One final, perhaps minor, detail. The spy Thompson was reported as having escaped from his prison cell some two nights ago. Bledsoe had immediately brought it to Thorpe’s attention, apologizing for the makeshift cell in which he had placed Thompson. I thought of your description of the granary on Garnsey, which had never been meant to be used as a prison, and how there had been locks on both sides of the door, &c.—in our case here Thompson had been placed in an old, unused wine cellar (devoid of its comforting drink, of course), and one of Bledsoe’s servants had been placed overwatch of its door. Apparently Thompson had found a way to bend the metal of the door hinges over the course of many days, finally breaking them with a kick at a point where he could hear that Bledsoe’s man was temporarily away, at a short meal or relieving himself, perhaps. We still do not know from Bledsoe’s man exactly when Thompson had made his escape, as it was some time yet before the man made the discovery of the broken hinges and the corresponding absence of our New Columbian spy, since Thompson had the time to replace the hinges on their moorings well enough to obfuscate his escape. The only other clue to Thompson’s whereabouts was a farmer who reported that he saw a man steal one of his horses late at night, galloping off toward the south; we learned this yesterday.

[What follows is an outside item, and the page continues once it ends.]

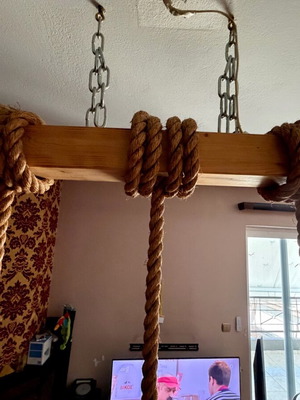 Ceiling lights like new with solid wood and adjustable chain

For my part, I say good riddance to the man, and let him trouble us no further; we now have the information that we need and the resources whereby to pursue it. The only final note I have to make to you is the strange weather, by which I mean more the climate and not these damnably oppressive storms. Here is it late November and the air has not turned colder. I do not expect snows at Yuletide, certainly, since the world has turned on-end, but yet another mark of this altered nature is the lack of seasons. I can only hope for more clues in the weeks and months to come, but I do not expect to see the world return to what it once was anytime soon.

I hope that by when I send you the next update, it will be from Skald, having set up an aero beacon there. I do not know if we will be able to find a natural place for our flyers to set down; but if we need to, we will take extra time to fashion a landing-place there, as it continues to be vital to our efforts to maintain regular communication. Similarly, I hope for you that you can make contact with your compatriots again in Carteret, and with Campbell, and that your ability to communicate with me continues unrestricted. Until then, we remain steadfast, healthy, and in good spirits here.